Au second plan de la photographie, le monastère fortifié de Khor Virap (« fosse profonde ») occupe un site magnifique face au mont Ararat. A l’extrémité d’une ligne de collines, de puissants remparts restaurés enferment un complexe monastique considéré comme un des premiers lieux saints de l’Arménie chrétienne. Ici, au IVe siècle, Grégoire l’Illuminateur (saint Grégoire) fut emprisonné pendant 13 ans dans les oubliettes du donjon mais il survécut et contribua à la conversion du roi Tiridate IV au christianisme. L’Arménie devint alors le premier pays chrétien. C’est au VIIe siècle qu’est créé un monastère avec une église construite à l’emplacement du donjon. Reconstruit au XIIIe siècle, le monastère assure une double fonction de sanctuaire et de centre universitaire. L’église et les bâtiments actuels datent d’une reconstruction encore plus tardive, du XVIIe siècle.

Le monastère-forteresse de Khor Virap en Arménie face au mont Ararat (Cliché de Daniel Oster, mai 2014)
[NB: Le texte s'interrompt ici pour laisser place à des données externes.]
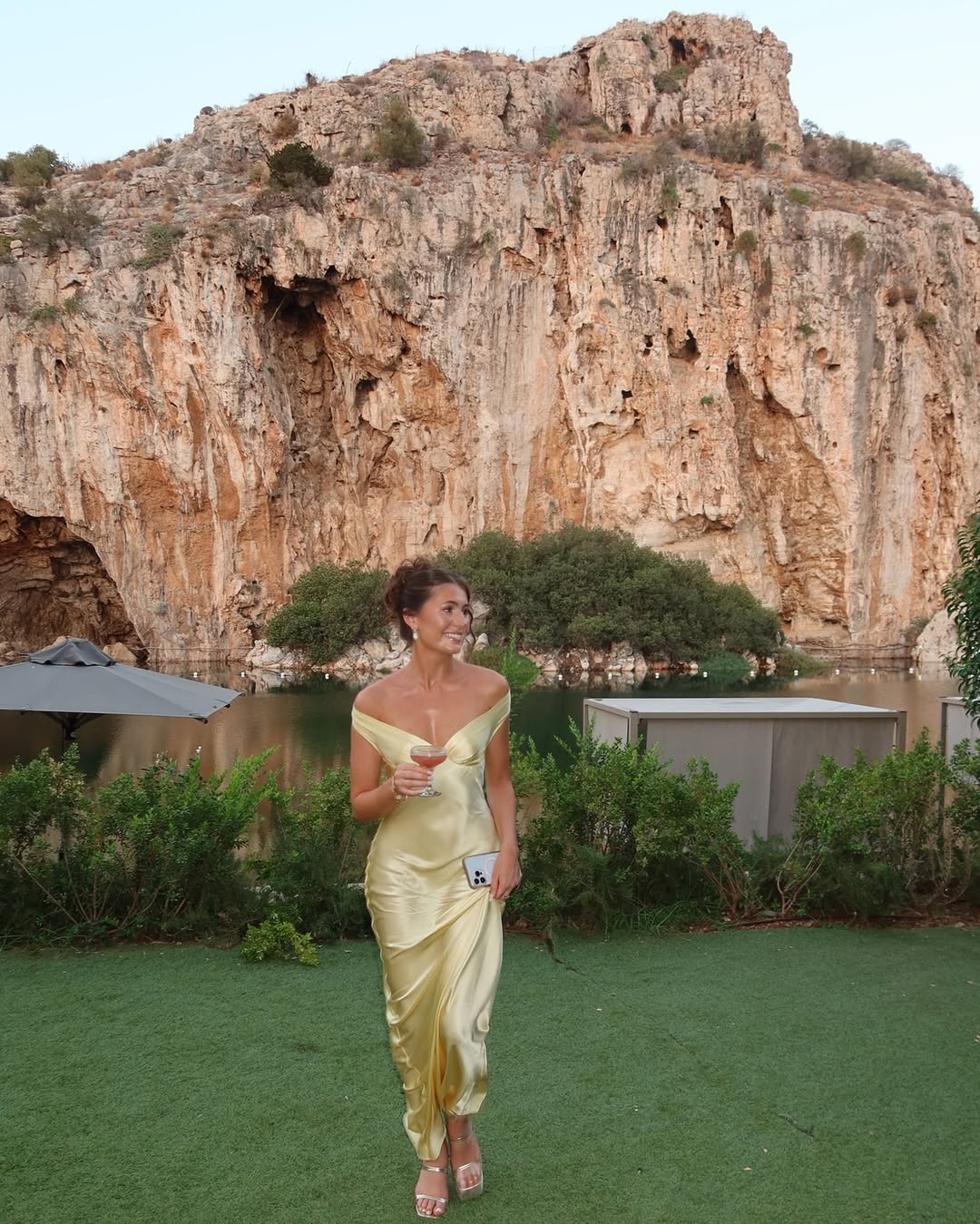Bárbara | Vestido Maxi em Cetim sem costas - Ines Braga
Le monastère-forteresse de Khor Virap en Arménie face au mont Ararat (Cliché de Daniel Oster, mai 2014)

Situé à faible distance de Erevan face au mythique Ararat, classé monument historique, Khor Virap représente aujourd’hui un lieu touristique majeur en même temps qu’un lieu de pèlerinage de premier plan.

La plaine de l’Ararat et la vallée de l’Araxe

Au premier plan de la première photographie, deux aspects paysagers différents donnent une idée – très lacunaire – de la plaine de l’Ararat, vaste zone plane située à une altitude moyenne de 850 m avec en son centre la vallée de l’Araxe  qui a souvent été considérée comme l’Eden, foyer originel de l’humanité. La parcelle en jachère et occupée par des plantes fourragères en fleurs borde la route d’accès invisible sur l’image. Un peu plus loin,  de vastes étendues de vignes semblent interrompues par des lignes d’arbres fruitiers à l’arrière-plan tandis qu’au-delà, totalement invisible, se trouve l’Araxe qui forme la frontière avec la Turquie. Des deux paysages, c’est la plaine viticole qui rend le mieux compte de la richesse agricole de cette région.
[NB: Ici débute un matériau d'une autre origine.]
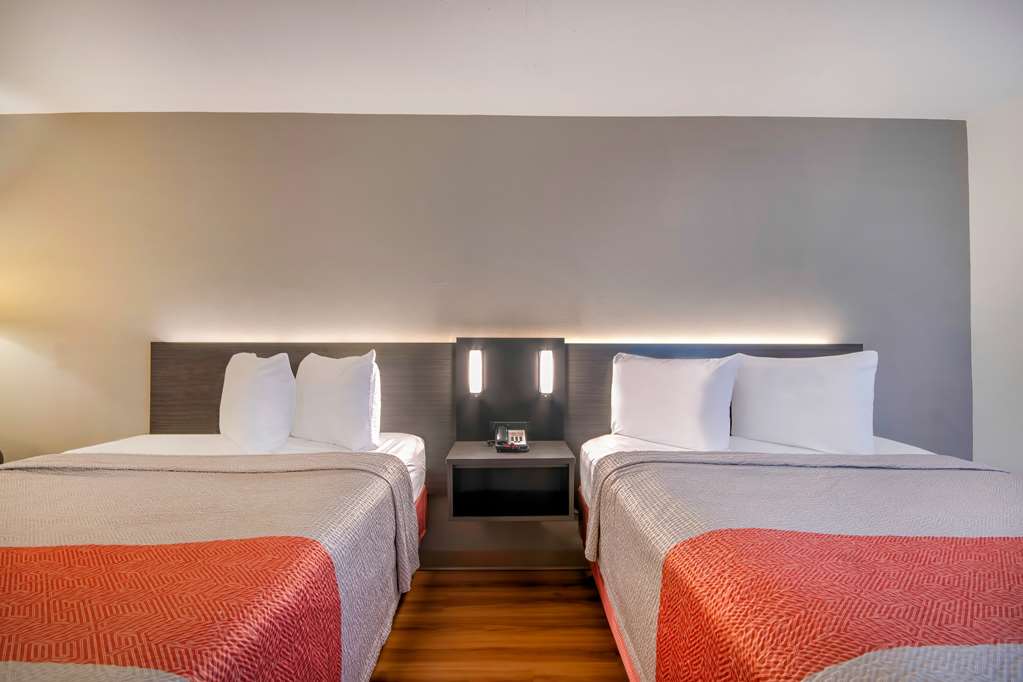 Spark by Hilton Walton - photo 6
La plaine de l’Ararat, située au sud-est de l’Arménie, constitue le centre économique et démographique du pays. Depuis longtemps, les voyageurs traversant cette contrée après tant de paysages montagnards rudes et sauvages s’étonnent d’une  opulence qui doit beaucoup aux conditions naturelles mais aussi au travail de l’homme, notamment à la maîtrise de l’eau (assèchement  de zones marécageuses et diversité des techniques d’irrigation, surtout depuis le XIXe siècle). Encore aujourd’hui, la plaine offre le spectacle d’un vaste espace globalement prospère qui a su mettre à profit la privatisation accélérée et totale de l’agriculture après l’effondrement de l’URSS en 1991. Incarnant la réussite de cette reconversion agricole, la viticulture connaît une véritable renaissance grâce à l’ouverture de nouveaux débouchés (Russie et pays de la diaspora arménienne) et à la création de nouvelles sociétés vinicoles. Quelques initiatives encouragées par des aides financières, notamment européennes, commencent à émerger comme la coopérative d’Areni, située à environ 50 km au sud-est de Khor Virap.

Ainsi, notre photo révèle en  trois plans trois visages de l’Arménie :

-avec l’Ararat, un arrière-plan sur la mémoire d’un peuple balloté par les aléas de l’histoire.

-avec le monastère de Khor Virat, un second plan sur l’histoire chrétienne d’un pays qui revendique son identité et affiche sa détermination à conserver sa place au sein de la mosaïque caucasienne.

-avec la plaine agricole, un premier plan sur la réussite économique – relative –  d’un pays qui doit affronter de multiples défis contemporains (des héritages géopolitiques prégnants, une difficile transition post-soviétique et de lourdes  contraintes naturelles (enclavement, environnement montagnard).

Daniel Oster, juin 2014

[1] Pour cette citation nous avons respecté l’orthographe et les altitudes du texte de 1929.